Take for example a law passed earlier this year which required networks to
remove posts dealing with child trafficking. The EFF and many free speech
advocates went ballistic:

[https://www.eff.org/deeplinks/2018/03/how-congress-
censored-...](https://www.eff.org/deeplinks/2018/03/how-congress-censored-
internet)

But what if we had open source software that any small community could use to
run their own Facebook-like social network?

Look, Wordpress has been around for 15 year and people have figured out how to
clean up their own blog spam. Communities like HN or a local village can
easily police their own posts.

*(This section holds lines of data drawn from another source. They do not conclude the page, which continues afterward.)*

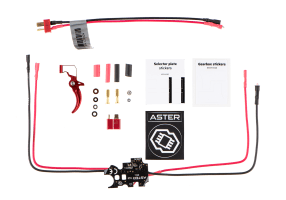 Gate Aster V2 SE + Quantum Trigger Front Wired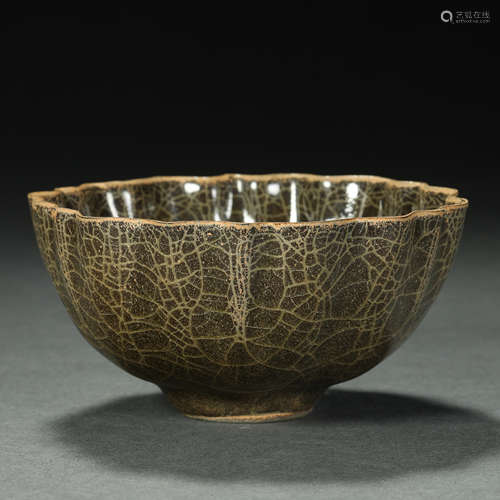 Song Dynasty,Longquan Kiln Cup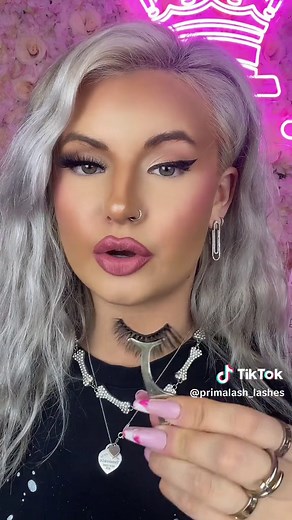 False Eyelash Tutorial for Beginners: Perfect Lash Application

Local communities are also able to know a local
language and local customs and laws.

The problem is centralization.

------
40acres
I commend Facebook for allocating more resources to enforce its community
standards, what's the point in outlining standards if there is no enforcement?

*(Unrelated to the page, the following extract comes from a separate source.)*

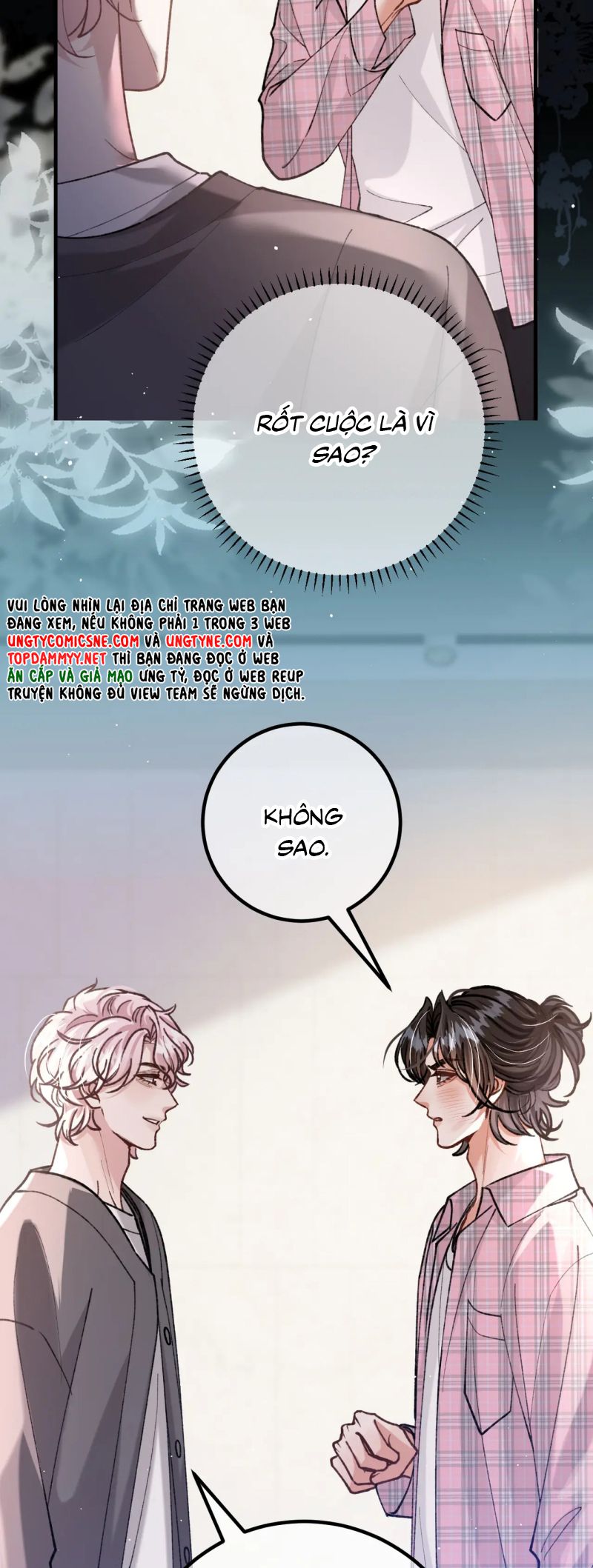 Scandal Ngọt Ngào Và Cay Nồng Chap 24 - Next Chap 25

I'm not surprised that the initial implementation has had some rough patches.
For this effort to be successful Facebook and other platforms are going to
have to heavily invest in building relationships with cultural experts and
stakeholders in hundreds of different countries and regions, each region has
it's own unique history and flash-points, it's best to understand these from
folks who are on the ground rather than overworked moderators and engineers in
Menlo Park.

Facebook got to where it is by being a centralized social platform, but
successful community standards enforcement at this level will take a more
decentralized, hyper-local approach.

Also, similarly to how large tech companies publish yearly reports on
diversity metrics and data requests from governments, if Facebook is really
going to make this effort a priority they should publish a report detailing
its efforts.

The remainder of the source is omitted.